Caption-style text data

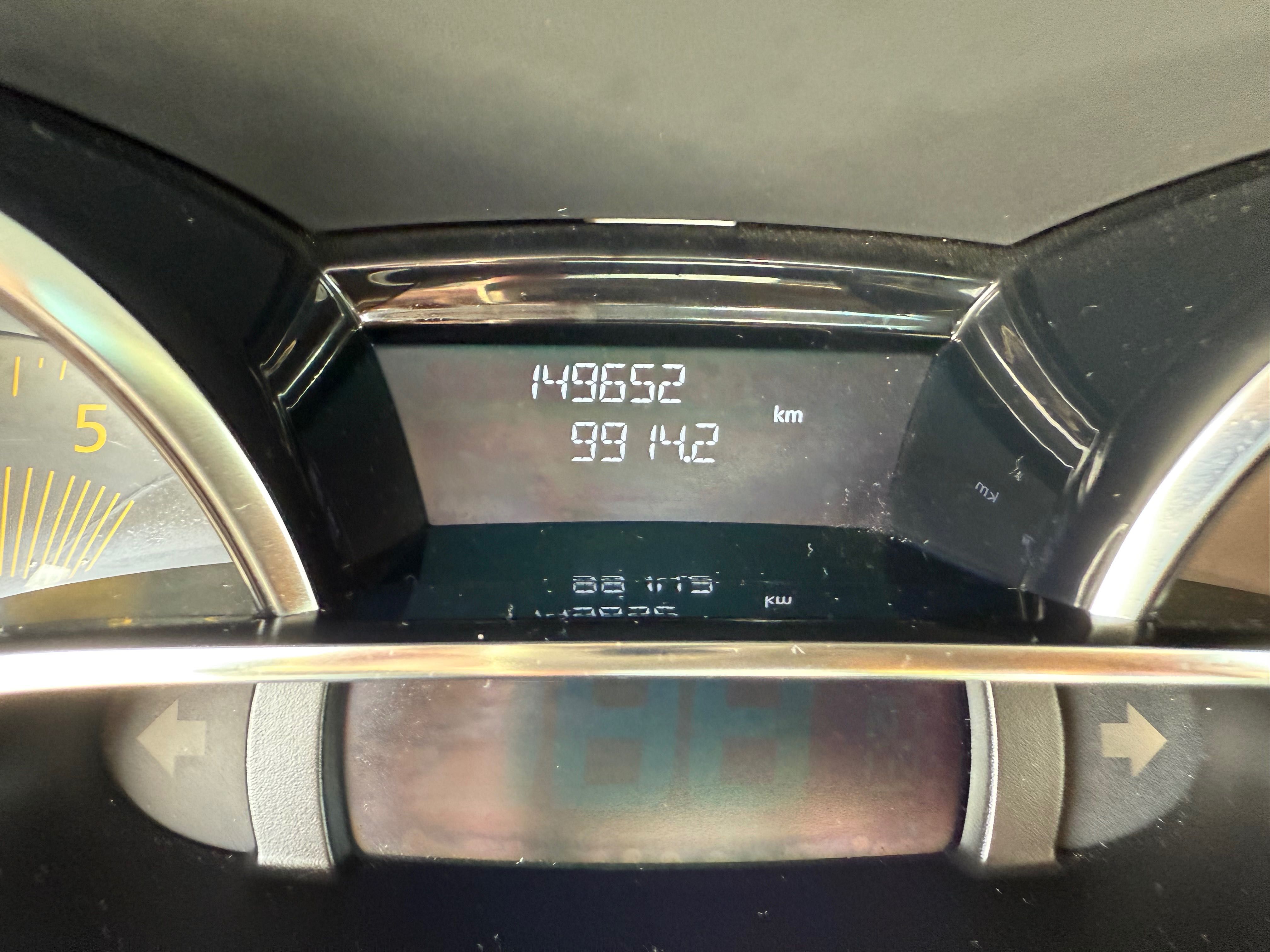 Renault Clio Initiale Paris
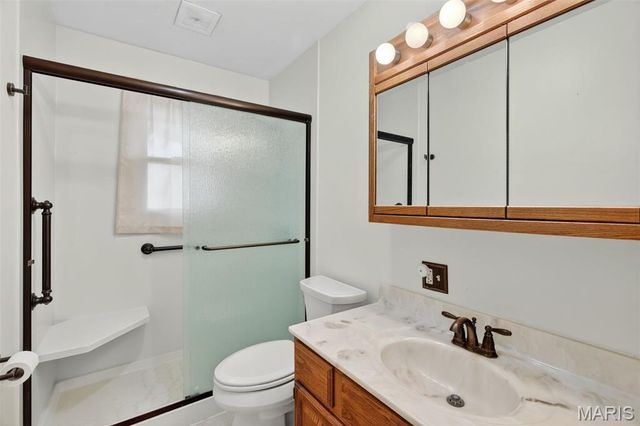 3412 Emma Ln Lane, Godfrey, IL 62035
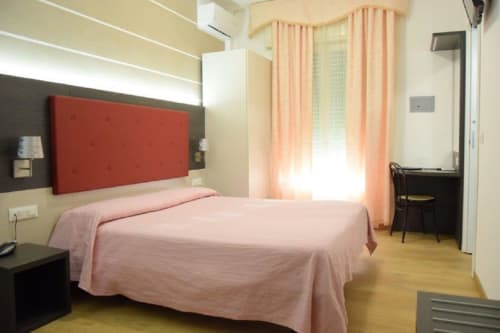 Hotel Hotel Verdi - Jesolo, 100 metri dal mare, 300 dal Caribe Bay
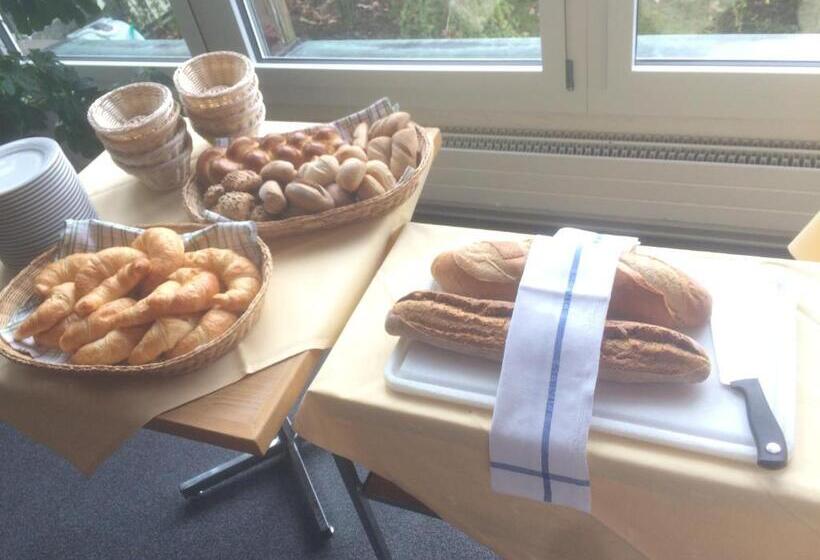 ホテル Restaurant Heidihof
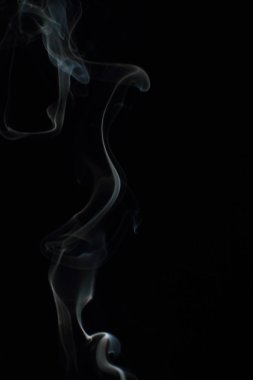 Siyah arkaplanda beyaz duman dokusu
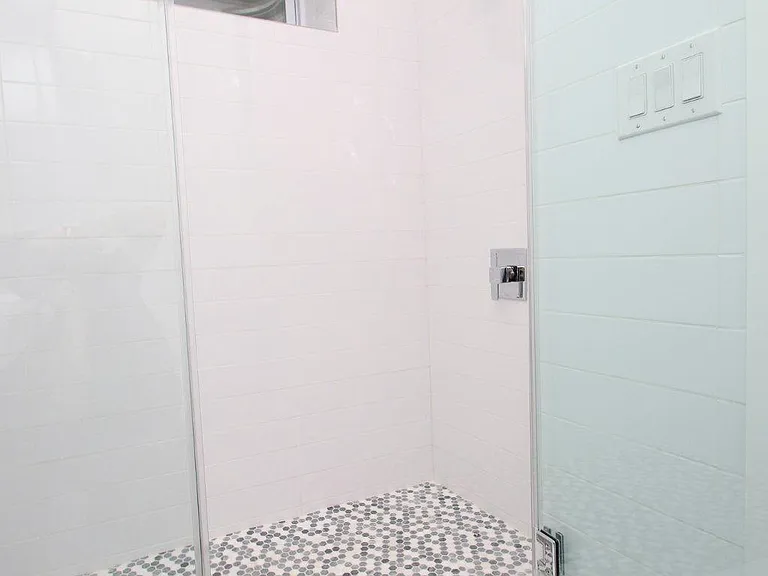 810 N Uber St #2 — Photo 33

> To do: In transcribing the lines above, omit the images and keep all else exact.

> Your response:
 Renault Clio Initiale Paris
 3412 Emma Ln Lane, Godfrey, IL 62035
 Hotel Hotel Verdi - Jesolo, 100 metri dal mare, 300 dal Caribe Bay
 ホテル Restaurant Heidihof
 Siyah arkaplanda beyaz duman dokusu
 810 N Uber St #2 — Photo 33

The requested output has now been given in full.